Wang Dongling is one of the most successful and talented contemporary calligraphers in China who has an international reputation. At 17, he studied calligraphy at the Department of Fine Arts at Nanjing Normal University. His studies were interrupted by the Cultural Revolution in the 1960s but Wang survived by writing large character political posters for public spaces. This job gave him the artistic freedom not normally allowed. After the Cultural Revolution, Wang attended the Zhejiang Academy of Fine Arts in Hangzhou(now the China Academy of Art) and received his MFA degree in 1981.
He developed a distinct style that combines traditional Chinese aesthetics with modernist art. However, there are no decipherable Chinese characters and his works are closer to abstract art than calligraphy. Thus, he calls his mostly large scale work “calligraphic paintings.”
Wang’s style is marked by bold and forceful brushstrokes which reverse the ratio of figures to background space. Ours is an example of this where there is very little white space.

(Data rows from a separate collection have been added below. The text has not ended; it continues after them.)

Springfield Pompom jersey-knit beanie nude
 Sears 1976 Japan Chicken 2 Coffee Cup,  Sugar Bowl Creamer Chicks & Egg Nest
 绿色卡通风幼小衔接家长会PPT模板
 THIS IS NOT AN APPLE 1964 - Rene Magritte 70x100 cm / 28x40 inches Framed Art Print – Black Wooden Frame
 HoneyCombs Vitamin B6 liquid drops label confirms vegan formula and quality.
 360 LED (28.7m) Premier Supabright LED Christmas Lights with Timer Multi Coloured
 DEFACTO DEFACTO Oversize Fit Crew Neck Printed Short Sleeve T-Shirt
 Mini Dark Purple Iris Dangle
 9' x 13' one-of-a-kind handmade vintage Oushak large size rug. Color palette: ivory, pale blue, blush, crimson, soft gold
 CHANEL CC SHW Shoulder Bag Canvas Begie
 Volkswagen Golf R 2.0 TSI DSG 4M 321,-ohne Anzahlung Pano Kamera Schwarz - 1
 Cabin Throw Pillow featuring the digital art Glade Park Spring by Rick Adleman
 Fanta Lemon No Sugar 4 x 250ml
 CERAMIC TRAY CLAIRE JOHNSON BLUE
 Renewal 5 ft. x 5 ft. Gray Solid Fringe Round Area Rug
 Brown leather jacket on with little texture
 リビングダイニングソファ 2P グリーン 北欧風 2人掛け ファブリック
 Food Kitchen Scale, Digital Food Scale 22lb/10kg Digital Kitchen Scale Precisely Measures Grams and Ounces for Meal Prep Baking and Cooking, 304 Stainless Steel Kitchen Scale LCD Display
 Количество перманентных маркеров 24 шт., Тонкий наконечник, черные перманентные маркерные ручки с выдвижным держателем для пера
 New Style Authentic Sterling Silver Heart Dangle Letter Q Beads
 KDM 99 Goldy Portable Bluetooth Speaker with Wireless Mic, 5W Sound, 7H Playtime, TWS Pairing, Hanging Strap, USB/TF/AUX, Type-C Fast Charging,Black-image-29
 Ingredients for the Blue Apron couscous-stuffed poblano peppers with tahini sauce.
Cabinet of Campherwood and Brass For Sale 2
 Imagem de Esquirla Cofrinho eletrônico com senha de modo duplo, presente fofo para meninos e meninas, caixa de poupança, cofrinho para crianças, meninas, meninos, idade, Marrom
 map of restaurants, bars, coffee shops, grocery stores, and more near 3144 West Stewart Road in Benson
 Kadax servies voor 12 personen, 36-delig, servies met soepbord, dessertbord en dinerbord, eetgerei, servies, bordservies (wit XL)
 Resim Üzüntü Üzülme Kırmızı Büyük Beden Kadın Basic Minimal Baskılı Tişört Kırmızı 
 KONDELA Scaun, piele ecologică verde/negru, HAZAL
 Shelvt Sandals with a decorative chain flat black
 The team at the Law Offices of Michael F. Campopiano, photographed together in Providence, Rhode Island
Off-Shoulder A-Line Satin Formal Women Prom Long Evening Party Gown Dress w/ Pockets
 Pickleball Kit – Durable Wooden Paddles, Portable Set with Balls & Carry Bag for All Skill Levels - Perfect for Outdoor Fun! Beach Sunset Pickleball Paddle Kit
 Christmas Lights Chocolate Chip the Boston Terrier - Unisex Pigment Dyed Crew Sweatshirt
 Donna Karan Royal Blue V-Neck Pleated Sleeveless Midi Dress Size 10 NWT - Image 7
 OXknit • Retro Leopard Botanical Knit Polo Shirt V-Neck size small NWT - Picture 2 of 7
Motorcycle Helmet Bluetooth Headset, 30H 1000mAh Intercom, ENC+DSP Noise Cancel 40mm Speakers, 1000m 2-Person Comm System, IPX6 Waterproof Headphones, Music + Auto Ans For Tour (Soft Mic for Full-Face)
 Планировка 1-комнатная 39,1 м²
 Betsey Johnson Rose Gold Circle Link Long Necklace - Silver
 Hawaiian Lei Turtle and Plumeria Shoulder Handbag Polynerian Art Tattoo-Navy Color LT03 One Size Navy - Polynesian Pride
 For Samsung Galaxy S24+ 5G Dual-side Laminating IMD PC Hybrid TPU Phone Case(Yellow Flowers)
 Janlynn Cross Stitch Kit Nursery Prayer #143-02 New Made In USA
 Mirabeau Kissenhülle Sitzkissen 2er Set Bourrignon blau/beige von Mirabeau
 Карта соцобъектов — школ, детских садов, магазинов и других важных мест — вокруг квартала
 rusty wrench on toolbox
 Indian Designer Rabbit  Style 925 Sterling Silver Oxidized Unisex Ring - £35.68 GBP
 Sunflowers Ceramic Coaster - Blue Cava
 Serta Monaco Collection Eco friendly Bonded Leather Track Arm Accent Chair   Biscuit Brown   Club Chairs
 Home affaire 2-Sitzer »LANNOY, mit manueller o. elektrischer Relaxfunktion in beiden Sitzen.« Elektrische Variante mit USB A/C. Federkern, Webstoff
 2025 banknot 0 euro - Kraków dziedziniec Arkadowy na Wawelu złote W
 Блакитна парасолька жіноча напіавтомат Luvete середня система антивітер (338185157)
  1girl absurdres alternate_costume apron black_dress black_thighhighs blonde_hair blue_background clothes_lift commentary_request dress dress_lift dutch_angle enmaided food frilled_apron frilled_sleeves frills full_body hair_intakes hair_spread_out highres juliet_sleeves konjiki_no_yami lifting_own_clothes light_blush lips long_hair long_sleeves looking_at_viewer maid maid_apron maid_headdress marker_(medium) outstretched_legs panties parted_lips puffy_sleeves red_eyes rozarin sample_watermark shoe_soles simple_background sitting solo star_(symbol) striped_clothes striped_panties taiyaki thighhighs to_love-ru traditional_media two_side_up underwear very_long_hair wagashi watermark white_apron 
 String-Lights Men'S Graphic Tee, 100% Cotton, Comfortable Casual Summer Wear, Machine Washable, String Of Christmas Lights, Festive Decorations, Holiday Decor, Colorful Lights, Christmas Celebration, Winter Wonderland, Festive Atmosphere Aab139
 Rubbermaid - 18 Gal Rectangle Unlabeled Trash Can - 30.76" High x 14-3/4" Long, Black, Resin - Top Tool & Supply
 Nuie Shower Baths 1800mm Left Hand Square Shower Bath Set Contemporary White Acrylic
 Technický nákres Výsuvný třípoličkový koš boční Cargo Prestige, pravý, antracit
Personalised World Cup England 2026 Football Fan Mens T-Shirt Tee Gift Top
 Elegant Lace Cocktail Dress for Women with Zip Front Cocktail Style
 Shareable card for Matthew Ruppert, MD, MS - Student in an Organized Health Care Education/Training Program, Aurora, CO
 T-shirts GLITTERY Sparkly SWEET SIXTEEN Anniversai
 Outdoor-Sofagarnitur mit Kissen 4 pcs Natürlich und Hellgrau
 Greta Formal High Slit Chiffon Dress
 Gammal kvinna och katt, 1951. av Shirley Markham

Wang’s works are in the collections of museums around the world including the Guggenheim New York, Los Angeles County Museum, British Museum and the Victoria and Albert Museum in London, the Metropolitan Museum of Art, the National Art Museum of China in Beijing, the Palace Museum Taipei, the University of California, Berkeley Art Museum; Harvard University Art Museums; the Cantor Arts Center at Stanford University; Yale University Art Gallery and the Hong Kong Museum of Art.